What is being asked ->
What is needed is an exact transcription of the line with "приготовиться Transparency International" and all the lines that follow it in the entries below; add nothing else.

(Data entries)
--------

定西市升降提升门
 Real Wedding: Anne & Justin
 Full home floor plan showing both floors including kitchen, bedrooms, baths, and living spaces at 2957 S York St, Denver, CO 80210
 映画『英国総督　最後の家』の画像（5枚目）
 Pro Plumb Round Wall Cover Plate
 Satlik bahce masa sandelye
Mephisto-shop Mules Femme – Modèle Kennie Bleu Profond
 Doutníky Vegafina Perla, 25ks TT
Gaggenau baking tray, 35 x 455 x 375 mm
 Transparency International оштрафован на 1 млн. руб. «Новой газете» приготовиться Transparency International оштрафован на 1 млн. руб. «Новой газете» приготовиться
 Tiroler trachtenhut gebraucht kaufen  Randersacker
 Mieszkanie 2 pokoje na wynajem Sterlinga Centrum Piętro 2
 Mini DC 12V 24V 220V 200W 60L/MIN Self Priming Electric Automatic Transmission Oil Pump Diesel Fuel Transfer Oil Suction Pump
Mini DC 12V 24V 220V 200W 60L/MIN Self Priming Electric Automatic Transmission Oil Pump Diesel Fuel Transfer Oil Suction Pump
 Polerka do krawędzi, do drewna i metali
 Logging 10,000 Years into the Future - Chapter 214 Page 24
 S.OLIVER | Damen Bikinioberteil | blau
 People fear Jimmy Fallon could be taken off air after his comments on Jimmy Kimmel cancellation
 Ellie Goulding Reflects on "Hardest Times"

--------

Reply ->
 Transparency International оштрафован на 1 млн. руб. «Новой газете» приготовиться Transparency International оштрафован на 1 млн. руб. «Новой газете» приготовиться
 Tiroler trachtenhut gebraucht kaufen  Randersacker
 Mieszkanie 2 pokoje na wynajem Sterlinga Centrum Piętro 2
 Mini DC 12V 24V 220V 200W 60L/MIN Self Priming Electric Automatic Transmission Oil Pump Diesel Fuel Transfer Oil Suction Pump
Mini DC 12V 24V 220V 200W 60L/MIN Self Priming Electric Automatic Transmission Oil Pump Diesel Fuel Transfer Oil Suction Pump
 Polerka do krawędzi, do drewna i metali
 Logging 10,000 Years into the Future - Chapter 214 Page 24
 S.OLIVER | Damen Bikinioberteil | blau
 People fear Jimmy Fallon could be taken off air after his comments on Jimmy Kimmel cancellation
 Ellie Goulding Reflects on "Hardest Times"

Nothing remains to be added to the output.